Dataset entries
· · · · · · ·

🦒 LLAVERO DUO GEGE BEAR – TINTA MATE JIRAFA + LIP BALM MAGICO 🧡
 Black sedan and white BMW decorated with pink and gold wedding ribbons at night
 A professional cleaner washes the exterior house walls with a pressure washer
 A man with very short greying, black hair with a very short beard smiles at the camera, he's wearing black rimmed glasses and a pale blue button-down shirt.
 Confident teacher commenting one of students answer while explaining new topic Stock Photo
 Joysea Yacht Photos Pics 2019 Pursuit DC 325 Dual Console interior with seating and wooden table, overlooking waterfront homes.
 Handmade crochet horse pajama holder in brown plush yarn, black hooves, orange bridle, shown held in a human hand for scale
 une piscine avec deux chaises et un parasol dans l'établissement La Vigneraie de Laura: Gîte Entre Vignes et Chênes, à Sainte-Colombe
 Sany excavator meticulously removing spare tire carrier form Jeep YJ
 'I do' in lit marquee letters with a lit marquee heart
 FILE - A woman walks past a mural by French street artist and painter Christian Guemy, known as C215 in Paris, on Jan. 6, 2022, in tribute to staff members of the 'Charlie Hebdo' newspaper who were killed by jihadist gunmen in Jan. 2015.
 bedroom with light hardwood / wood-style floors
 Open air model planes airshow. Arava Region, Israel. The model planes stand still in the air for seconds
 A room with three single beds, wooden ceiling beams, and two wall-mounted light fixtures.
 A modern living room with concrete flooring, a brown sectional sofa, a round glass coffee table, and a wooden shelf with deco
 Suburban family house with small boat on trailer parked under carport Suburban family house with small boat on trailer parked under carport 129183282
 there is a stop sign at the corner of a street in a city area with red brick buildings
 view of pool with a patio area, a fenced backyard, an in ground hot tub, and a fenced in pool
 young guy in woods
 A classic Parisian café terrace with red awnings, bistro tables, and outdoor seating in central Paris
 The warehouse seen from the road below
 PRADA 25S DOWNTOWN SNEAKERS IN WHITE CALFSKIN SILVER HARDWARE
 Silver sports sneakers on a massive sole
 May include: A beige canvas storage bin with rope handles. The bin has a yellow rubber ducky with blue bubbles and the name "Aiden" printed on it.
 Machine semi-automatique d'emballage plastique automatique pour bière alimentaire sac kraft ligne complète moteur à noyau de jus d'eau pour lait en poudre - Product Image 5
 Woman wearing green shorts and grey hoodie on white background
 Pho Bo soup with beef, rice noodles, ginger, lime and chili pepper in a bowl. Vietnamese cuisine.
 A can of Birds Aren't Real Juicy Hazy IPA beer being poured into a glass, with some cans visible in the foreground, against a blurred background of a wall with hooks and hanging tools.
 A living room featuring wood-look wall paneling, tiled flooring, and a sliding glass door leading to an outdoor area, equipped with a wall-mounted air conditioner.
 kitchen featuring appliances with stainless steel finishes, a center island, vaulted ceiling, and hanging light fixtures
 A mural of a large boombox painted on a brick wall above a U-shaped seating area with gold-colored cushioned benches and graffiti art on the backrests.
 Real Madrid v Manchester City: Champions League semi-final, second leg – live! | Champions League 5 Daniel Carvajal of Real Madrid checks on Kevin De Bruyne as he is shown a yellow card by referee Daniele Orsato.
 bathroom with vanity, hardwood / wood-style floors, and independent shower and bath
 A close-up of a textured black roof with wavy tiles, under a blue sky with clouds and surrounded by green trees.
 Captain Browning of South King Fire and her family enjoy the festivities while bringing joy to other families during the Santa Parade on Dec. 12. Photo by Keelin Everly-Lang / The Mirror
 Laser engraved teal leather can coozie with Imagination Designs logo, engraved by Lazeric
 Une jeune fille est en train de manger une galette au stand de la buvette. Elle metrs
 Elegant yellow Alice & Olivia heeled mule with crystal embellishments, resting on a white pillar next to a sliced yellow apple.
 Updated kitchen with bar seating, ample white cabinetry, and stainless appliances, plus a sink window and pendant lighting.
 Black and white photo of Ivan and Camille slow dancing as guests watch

· · · · · · ·

AIM OF THE EXERCISE:
Print again the lines of the entries above that fall between the line holding "Sany excavator meticulously" and the line holding "A living room", inclusive, exactly as they stand.

RESPONSE BOX:
 Sany excavator meticulously removing spare tire carrier form Jeep YJ
 'I do' in lit marquee letters with a lit marquee heart
 FILE - A woman walks past a mural by French street artist and painter Christian Guemy, known as C215 in Paris, on Jan. 6, 2022, in tribute to staff members of the 'Charlie Hebdo' newspaper who were killed by jihadist gunmen in Jan. 2015.
 bedroom with light hardwood / wood-style floors
 Open air model planes airshow. Arava Region, Israel. The model planes stand still in the air for seconds
 A room with three single beds, wooden ceiling beams, and two wall-mounted light fixtures.
 A modern living room with concrete flooring, a brown sectional sofa, a round glass coffee table, and a wooden shelf with deco
 Suburban family house with small boat on trailer parked under carport Suburban family house with small boat on trailer parked under carport 129183282
 there is a stop sign at the corner of a street in a city area with red brick buildings
 view of pool with a patio area, a fenced backyard, an in ground hot tub, and a fenced in pool
 young guy in woods
 A classic Parisian café terrace with red awnings, bistro tables, and outdoor seating in central Paris
 The warehouse seen from the road below
 PRADA 25S DOWNTOWN SNEAKERS IN WHITE CALFSKIN SILVER HARDWARE
 Silver sports sneakers on a massive sole
 May include: A beige canvas storage bin with rope handles. The bin has a yellow rubber ducky with blue bubbles and the name "Aiden" printed on it.
 Machine semi-automatique d'emballage plastique automatique pour bière alimentaire sac kraft ligne complète moteur à noyau de jus d'eau pour lait en poudre - Product Image 5
 Woman wearing green shorts and grey hoodie on white background
 Pho Bo soup with beef, rice noodles, ginger, lime and chili pepper in a bowl. Vietnamese cuisine.
 A can of Birds Aren't Real Juicy Hazy IPA beer being poured into a glass, with some cans visible in the foreground, against a blurred background of a wall with hooks and hanging tools.
 A living room featuring wood-look wall paneling, tiled flooring, and a sliding glass door leading to an outdoor area, equipped with a wall-mounted air conditioner.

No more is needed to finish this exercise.